Friday, 23 February 2018

VDP Tomcat Service Crashes With "line 1, column 0, byte 0"

While working with one of my colleague the last day, there was an issue where the tomcat service would not start up.

root@vdp:/home/admin/#: dpnctl status
Identity added: /home/dpn/.ssh/dpnid (/home/dpn/.ssh/dpnid)
dpnctl: INFO: gsan status: up
dpnctl: INFO: MCS status: up.
dpnctl: INFO: emt status: down.
dpnctl: INFO: Backup scheduler status: down.
dpnctl: INFO: axionfs status: down.
dpnctl: INFO: Maintenance windows scheduler status: enabled.
dpnctl: INFO: Unattended startup status: enabled.
dpnctl: INFO: avinstaller status: down.
dpnctl: INFO: [see log file "/usr/local/avamar/var/log/dpnctl.log"]

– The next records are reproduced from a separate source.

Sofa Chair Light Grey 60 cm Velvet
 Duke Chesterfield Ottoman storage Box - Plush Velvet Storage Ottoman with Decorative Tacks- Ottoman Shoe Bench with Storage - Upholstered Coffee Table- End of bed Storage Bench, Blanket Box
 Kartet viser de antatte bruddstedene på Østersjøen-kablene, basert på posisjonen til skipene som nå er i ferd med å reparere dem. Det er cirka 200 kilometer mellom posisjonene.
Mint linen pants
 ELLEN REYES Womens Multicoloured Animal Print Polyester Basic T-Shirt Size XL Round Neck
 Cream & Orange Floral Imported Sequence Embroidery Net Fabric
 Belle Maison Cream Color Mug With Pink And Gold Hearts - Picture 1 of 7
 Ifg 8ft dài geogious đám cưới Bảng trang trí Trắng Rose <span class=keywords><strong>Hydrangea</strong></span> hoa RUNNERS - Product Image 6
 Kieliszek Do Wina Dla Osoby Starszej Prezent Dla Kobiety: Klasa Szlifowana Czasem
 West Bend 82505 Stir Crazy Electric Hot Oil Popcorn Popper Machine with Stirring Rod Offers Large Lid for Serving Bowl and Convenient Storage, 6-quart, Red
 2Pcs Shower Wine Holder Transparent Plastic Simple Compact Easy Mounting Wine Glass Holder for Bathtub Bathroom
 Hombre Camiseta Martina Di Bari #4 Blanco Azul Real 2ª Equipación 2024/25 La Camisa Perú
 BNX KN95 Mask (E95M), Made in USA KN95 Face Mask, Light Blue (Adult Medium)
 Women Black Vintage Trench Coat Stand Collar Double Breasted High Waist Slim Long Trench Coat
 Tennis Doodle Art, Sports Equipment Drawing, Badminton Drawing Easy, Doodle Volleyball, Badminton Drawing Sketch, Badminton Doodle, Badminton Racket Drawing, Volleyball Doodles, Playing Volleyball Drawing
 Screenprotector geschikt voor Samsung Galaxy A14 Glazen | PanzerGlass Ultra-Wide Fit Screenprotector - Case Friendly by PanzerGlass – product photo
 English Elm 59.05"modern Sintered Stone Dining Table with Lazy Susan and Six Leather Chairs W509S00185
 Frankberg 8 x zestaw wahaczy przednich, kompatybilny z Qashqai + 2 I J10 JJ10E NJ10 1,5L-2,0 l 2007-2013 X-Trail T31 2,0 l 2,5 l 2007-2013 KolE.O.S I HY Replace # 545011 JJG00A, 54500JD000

The core services seemed to be fine, it was just the EM tomcat that was unresponsive. When we tried to restart the tomcat service using the below command as the "root" user of VDP it used to fail:
# emwebapp.sh --start

Error trace:

syntax error at line 1, column 0, byte 0:
Identity added: /home/admin/.ssh/dpnid (/home/admin/.ssh/dpnid)
^
<entry key="clean_emdb_cm_queue_info_days" value="365" />
at /usr/lib/perl5/vendor_perl/5.10.0/x86_64-linux-thread-multi/XML/Parser.pm line 187

If we ran the alternative command to start the service, it would fail to and the dpnctl.log would have the similar Error trace.
# dpnctl start emt

Error trace:

2018/02/22-17:11:42 syntax error at line 1, column 0, byte 0:
2018/02/22-17:11:42 Identity added: /home/admin/.ssh/dpnid (/home/admin/.ssh/dpnid)
2018/02/22-17:11:42 tomcatctl: ERROR: problem running command "[ -r /etc/profile ] && . /etc/profile ; /usr/local/avamar/bin/emwebapp.sh --start" - exit status 255

So, it looks like the emserver.xml file had been corrupted and we just need to restore this particular file from a previous EM Flush.

To perform this, the steps would be:

1. List out the latest 5 available EM backups using:
# avtar --backups --path=/EM_BACKUPS --count=5 | less

The output would be:

Date      Time    Seq       Label           Size     Plugin    Working directory         Targets
---------- -------- ----- ----------------- ---------- -------- --------------------- -------------------
2018-02-21 08:00:05   213                          57K Linux    /usr/local/avamar     var/em/server_data
2018-02-20 08:00:05   212                          57K Linux    /usr/local/avamar     var/em/server_data
2018-02-19 08:00:08   211                          57K Linux    /usr/local/avamar     var/em/server_data
2018-02-18 08:00:04   210                          57K Linux    /usr/local/avamar     var/em/server_data
2018-02-17 08:00:11   209                          57K Linux    /usr/local/avamar     var/em/server_data

2. Next, we will choose a label number and then restore the EM Flush to a temp directory. The command would be:
# avtar -x --labelnum=209 --path=/EM_BACKUPS --target=/tmp/emback

A successful restore would end with a similar snippet:

avtar Info <5259>: Restoring backup to directory "/tmp/emback"
avtar Info <5262>: Restore completed
avtar Info <7925>: Restored 55.55 KB from selection(s) with 55.55 KB in 10 files, 6 directories
avtar Info <6090>: Restored 55.55 KB in 0.01 minutes: 306.5 MB/hour (56,489 files/hour)
avtar Info <7883>: Finished at 2018-02-22 21:26:53 GST, Elapsed time: 0000h:00m:00s
avtar Info <6645>: Not sending wrapup anywhere.
avtar Info <5314>: Command completed (1 warning, exit code 0: success)

3. Rename the older emserver.xml file using:
# mv /space/avamar/var/em/server_data/prefs/emserver.xml /space/avamar/var/em/server_data/prefs/emserver.xml.old

4. Copy to restored file to the actual location using:
# cp -p /tmp/emback/var/em/server_data/prefs/emserver.xml /space/avamar/var/em/server_data/prefs/

5. List out the permissions on the file using:
# ls -lh  /space/avamar/var/em/server_data/prefs/

The permissions should be:

-rw------- 1 admin admin 9.4K Jul 26  2017 emserver.xml
-rw------- 1 admin admin 9.3K Feb 22 09:09 emserver.xml.old
-r-------- 1 admin admin 4.5K Jul 26  2017 preferences.dtd

6. Restart the tomcat service using:
# emwebapp.sh --start

It should now start up successfully. Hope this helps!